I use a FreeBSD-ish userland daily in the form of OS X, but don't usually have to deal with shitty management of *nix applications thanks to many having proper OS X .app packages available. Beyond that "homebrew" seems to be the current favorite analog to the "average" *nix packaging tools.

But my router/firewall has been FreeBSD for over a decade now, once m0n0wall but these days its more featureful derivative pfSense. pf is just superior to iptables. These things are rock solid and almost any change can be made online without affecting existing traffic, which is more than I can say for every Linux-based router/firewall I've used.

Comment Re:50-year-old movies (Score 1) 211

People still enjoy 50-year-old movies.
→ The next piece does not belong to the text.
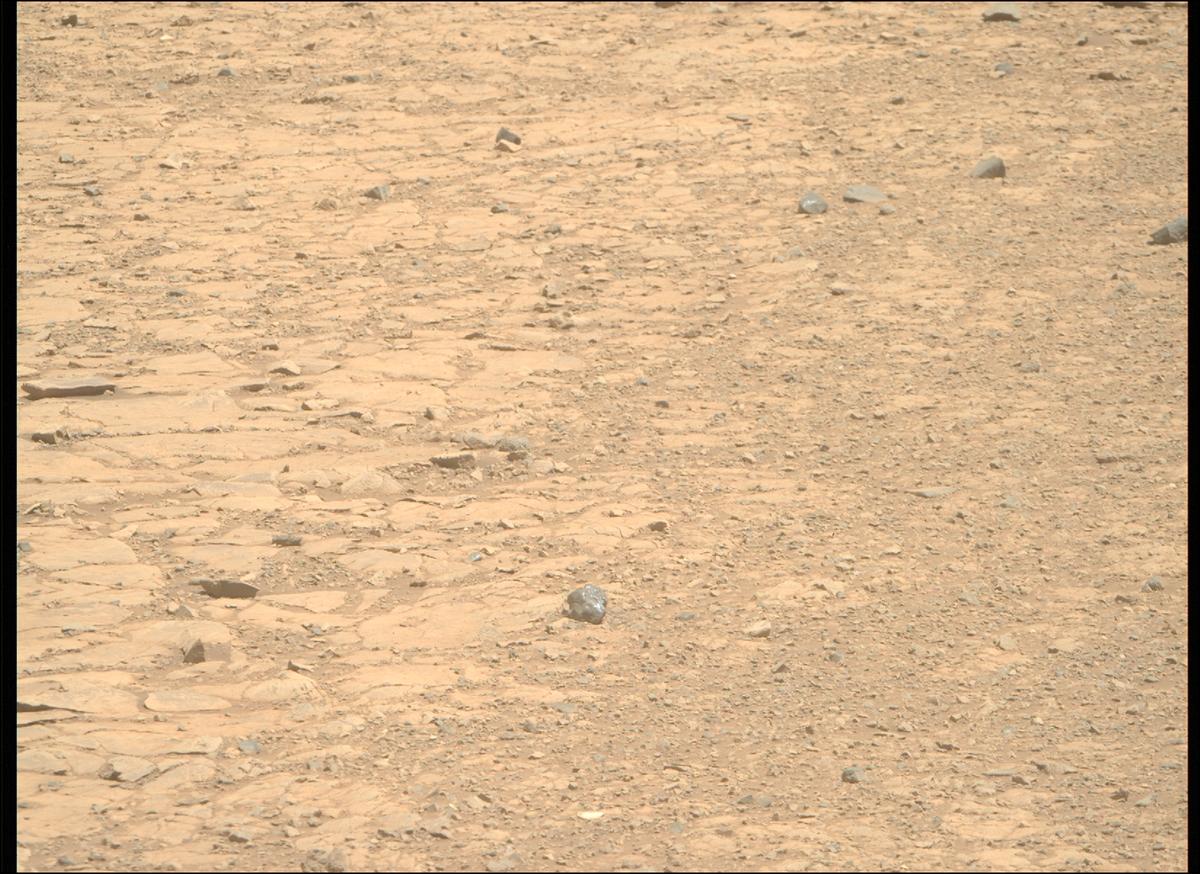 This image was taken by MCZ_RIGHT onboard NASA's Mars rover Perseverance on Sol 1437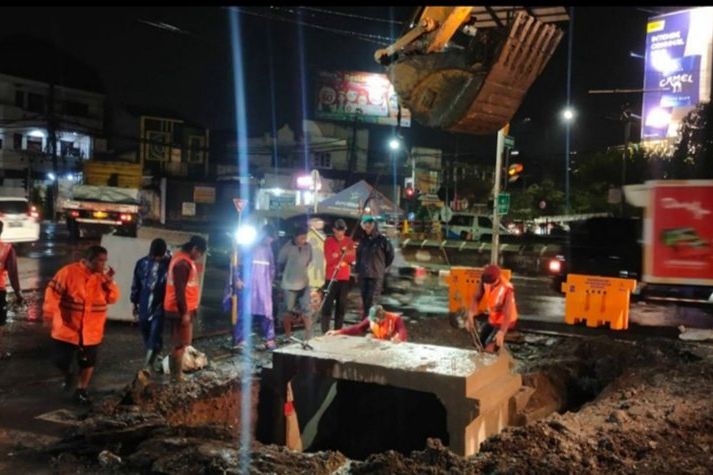Pembuatan Crossing Saluran Air di Kedung Cowek Surabaya Segera Selesai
Why is a video game necessarily "expired milk" just because it's five years old?

They're not always, but remember that many games don't have much of a story beyond a basic framework designed to push you through the various parts of the game. When a newer game comes along in the same genre, the old ones tend to be left behind unless they had something that made them important.

The original Wolfenstein, Doom, and Duke Nukem will probably be played forever since they were the defining titles of the FPS genre. The most recent releases in any of those lines, probably not. Need For Speed 3 showed the world that running from the cops was something we all secretly wanted to do in a no-consequences environment. Its official sequel in the twisty Need For Speed line, Hot Pursuit 2, is all but forgotten.

Multiplayer can play with this in both directions, lengthening the lives of some games while shortening others. A shitty game with fun multiplayer, particularly if its cheap/free/easy to pirate, can live on for years as long as the servers stay populated. A great game that's been abandoned by its players for something else, likewise, can die off rapidly. There's a critical mass required for multiplayer to keep the game healthy, and that's where a player who's just looking to play can find a game that roughly approximates what they wanted to play with enough other players to actually enjoy it. Fall below that level and you quickly enter a death spiral as those who are still playing find themselves more and more often without a game.

Basically in 10 years I still see myself firing up Halo or Borderlands if the hardware available to me allows it, as I liked the story. The existence of sequels or "better" titles in the genre doesn't matter, since they won't be the story I want. That's comparable to a movie.

I probably won't, however, be firing up Forza Motorsport 3. As a sim title with no real storyline beyond completing a set series of races for a "Career", FM4 improved upon it in all ways leaving no reason to back up.